*INFORMATION*.
┄┄┄┄┄┄┄┄┄┄┄┄┄┄┄┄┄┄┄┄
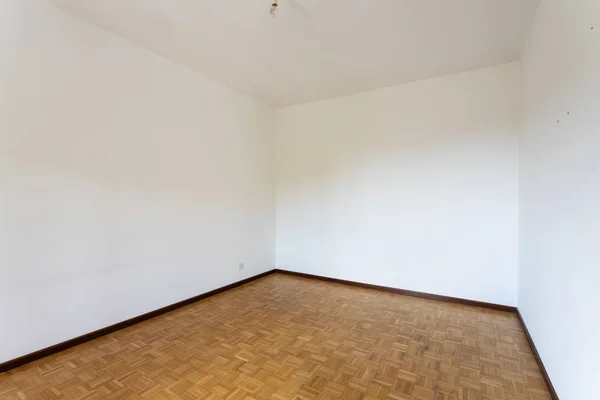 모든 흰색 벽과 쪽모이 세공 마루 바닥이있는 빈 방 — 스톡 사진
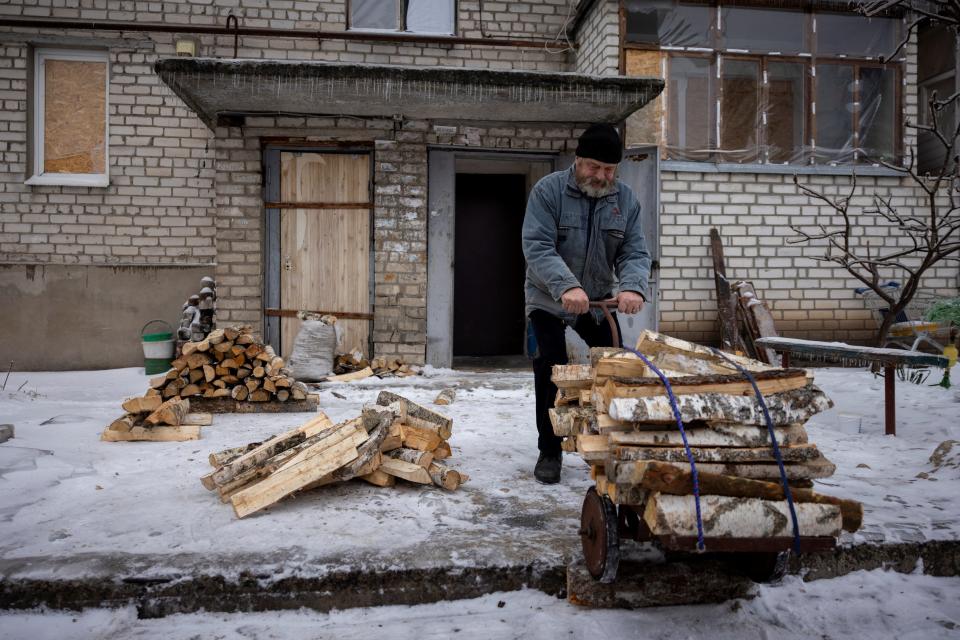 Hennadiy Batsak, 63, gathers wood he uses to heat his apartment that lacks heating, water and gas in the frontline town of Lyman (REUTERS)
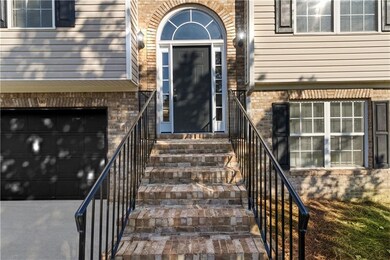Doorway to property featuring brick siding and an attached garage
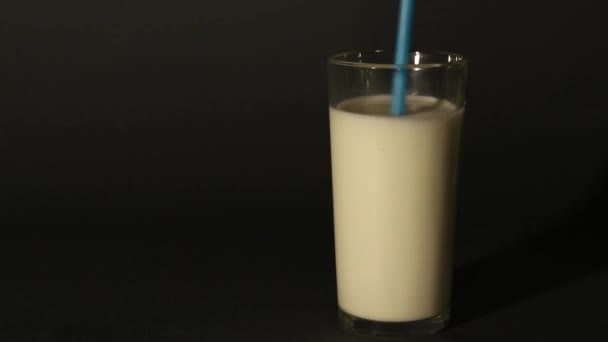 Milch Einer Tasse Mit Strohhalmen Auf Einem Isolierten Dunklen Hintergrund — Stockvideo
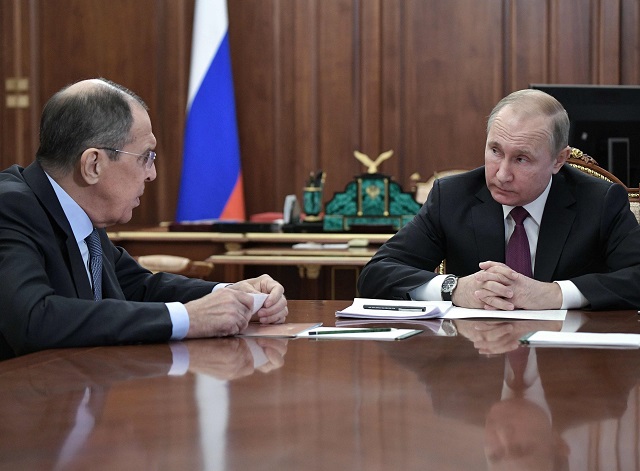 russia 039 s president vladimir putin r attends a meeting with russia 039 s foreign minister sergei lavrov l and russia 039 s defence minister in moscow on february 2 2019 photo afp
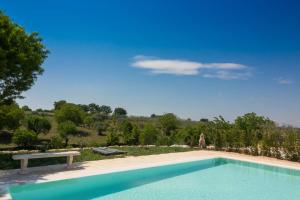 uma piscina com um banco e um céu azul em Trullo la Quiete em Alberobello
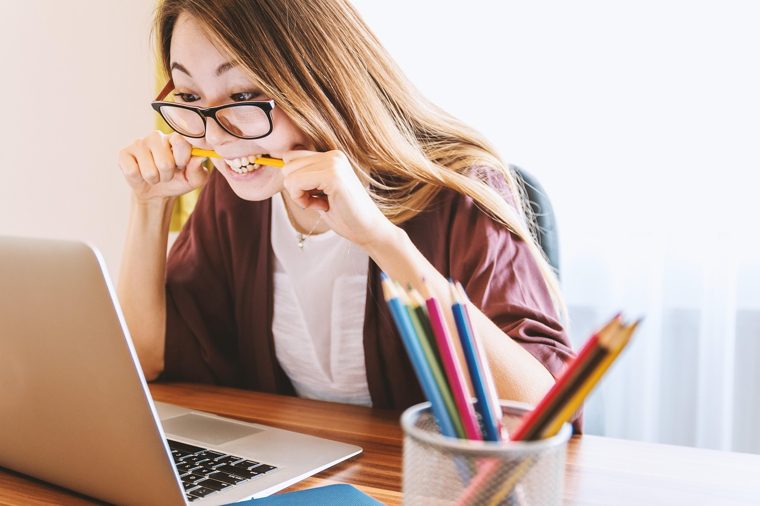 A student at a laptop with a pencil between her teeth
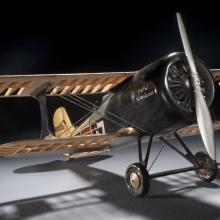 Front-facing view of wooden and black-colored metal biplane model with one engine.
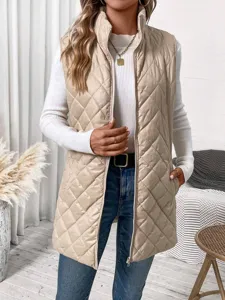 Detailed view of women's beige quilted stand collar puffer vest outfit in indoor setting.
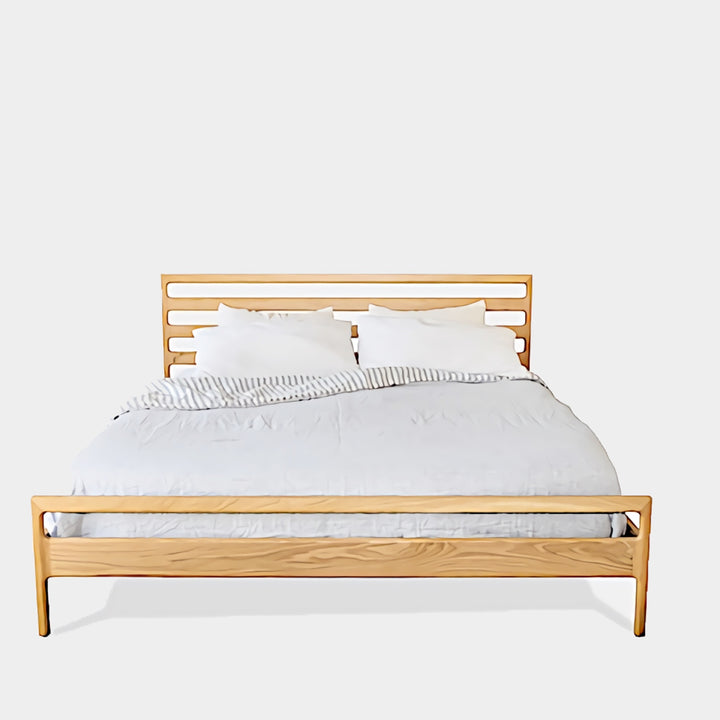 The LAMEL Bed by Earl Home is a hand-crafted bed frame with solid wood construction and a slatted headboard. It pairs beautifully with white pillows and a striped duvet, offering style and comfort. Available in custom bed sizes to fit your space perfectly.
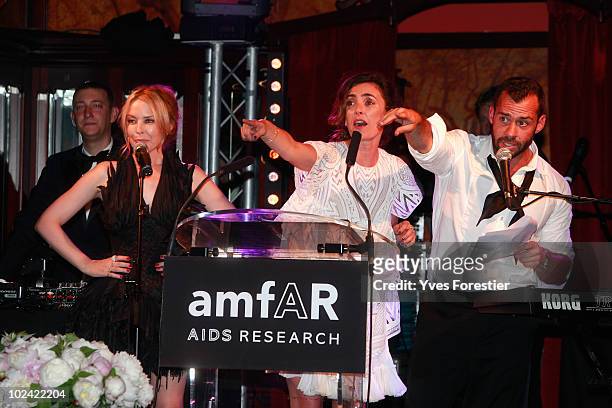 Kylie Minogue, Mademoiselle Agnes and guest participate to the auction of the Amfar inspiration night at Maxim's on June 25, 2010 in Paris, France.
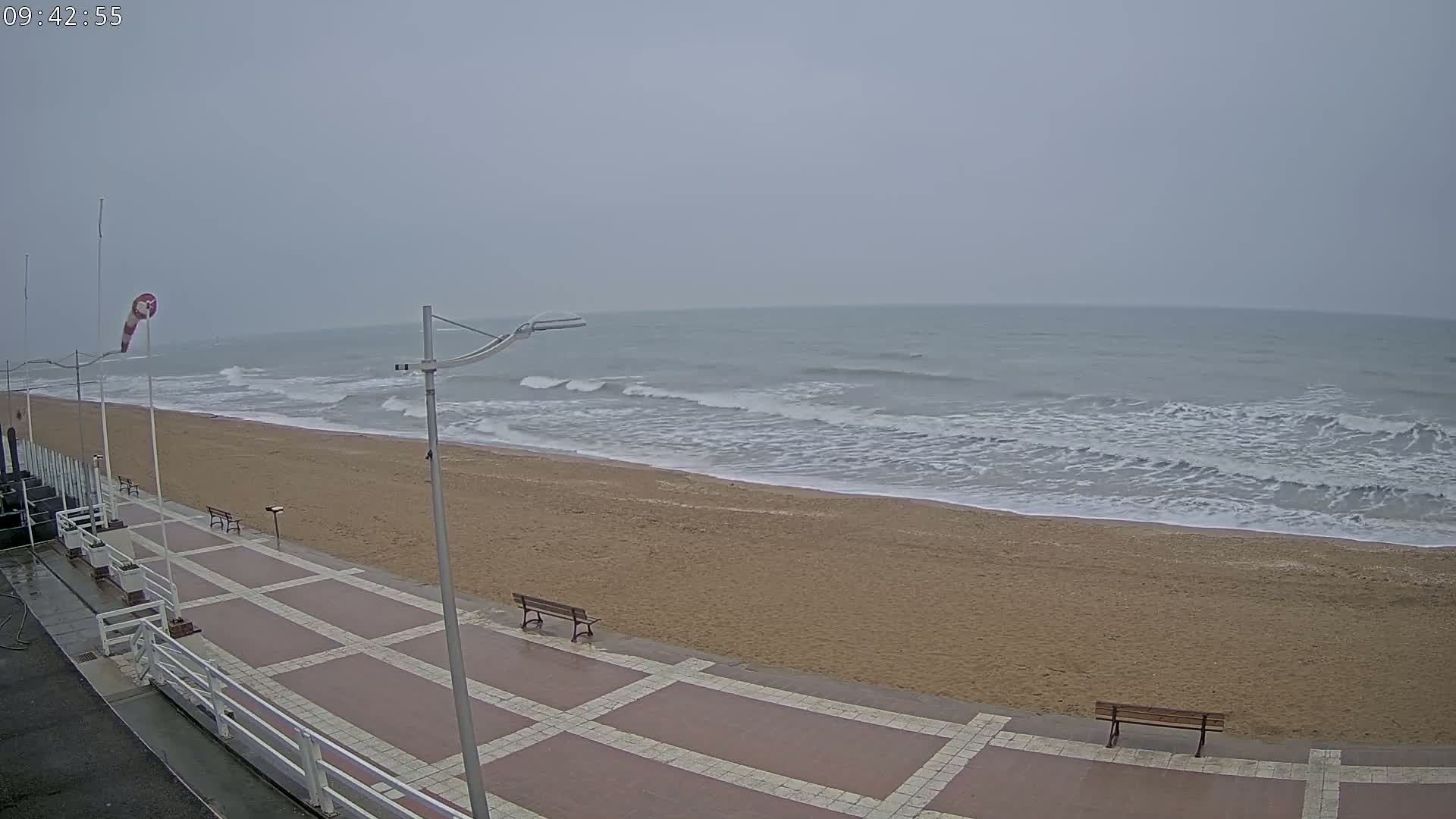 A sandy beach with moderate waves under an overcast sky is viewed from a paved walkway with benches.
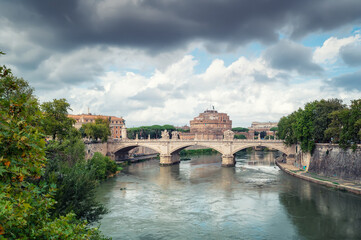 Beautiful clouds above medieval St. Angelo castle and the bridge over Tiber river in Rome, Italy.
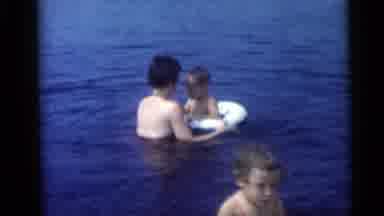 Camden New Jersey USA (1959): Woman Up To Shoulders In Water Cares For Toddler In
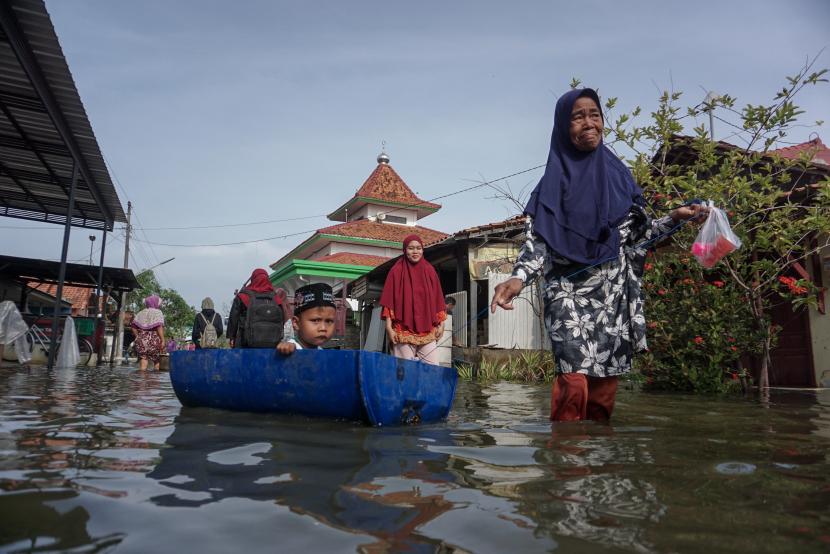 Warga melintas di jalan yang tergenang banjir di Pekalongan. 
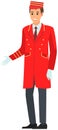 Man working as bellboy. Hotel employee in work clothes. Doorkeeper, doorman, porter in red uniform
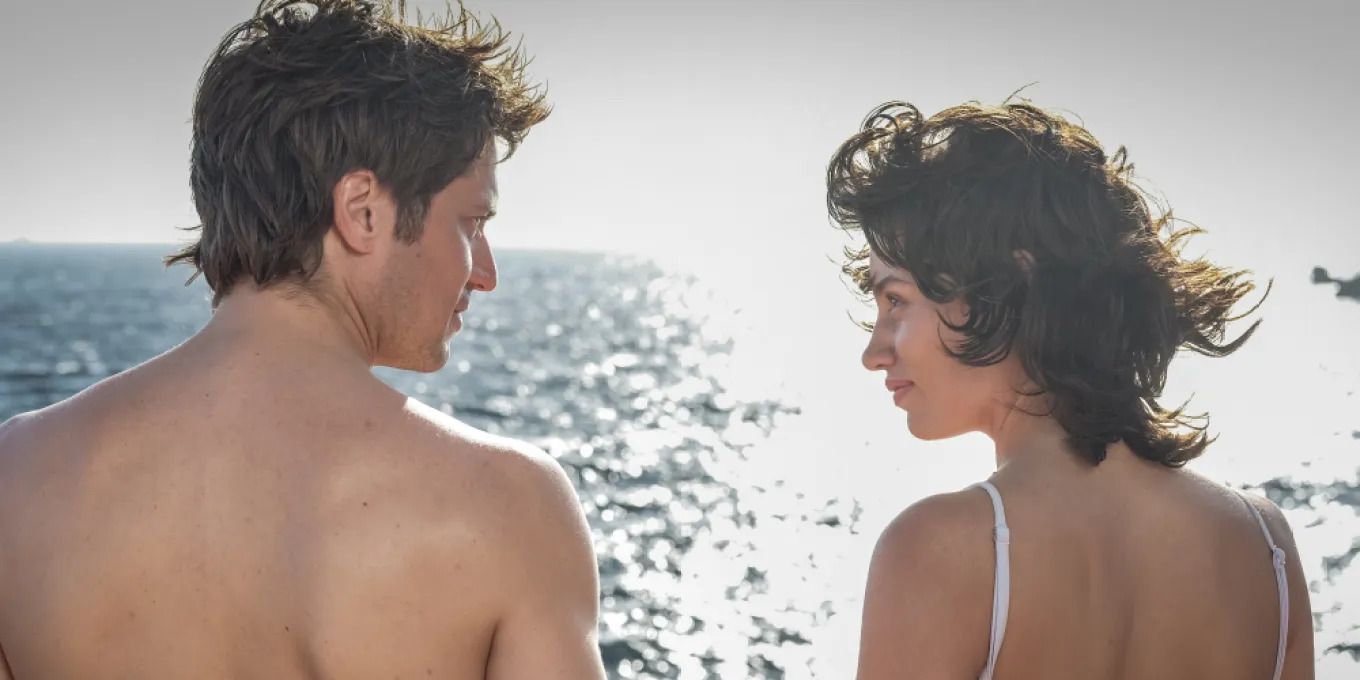 Lucas Bravo and Lea Luce Busato stand romantically by the sea in Freedom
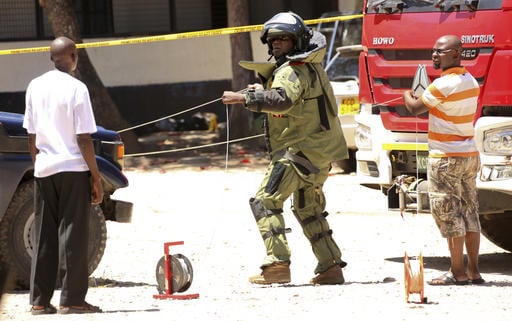 A member of a bomb disposal team prepares the scene before checking the bodies of three women who were shot dead by police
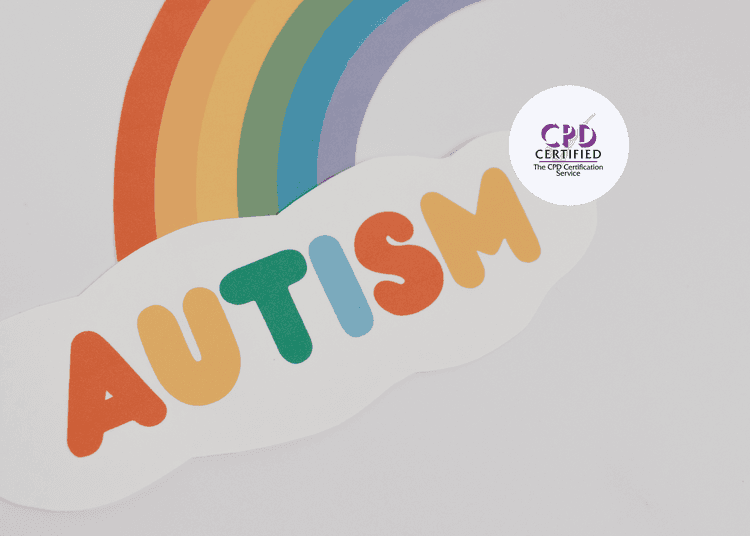 A paper rainbow with red, orange, yellow, green, blue, and purple stripes ending in a cloud reading “AUTISM”.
┄┄┄┄┄┄┄┄┄┄┄┄┄┄┄┄┄┄┄┄
*WORK TO COMPLETE*. Only the lines from the one containing "A member of" through the end of the records should be copied, exactly and with both ends included; the pictures should not.

*RESPONSE TO THE EXERCISE*.
 A member of a bomb disposal team prepares the scene before checking the bodies of three women who were shot dead by police
 A paper rainbow with red, orange, yellow, green, blue, and purple stripes ending in a cloud reading “AUTISM”.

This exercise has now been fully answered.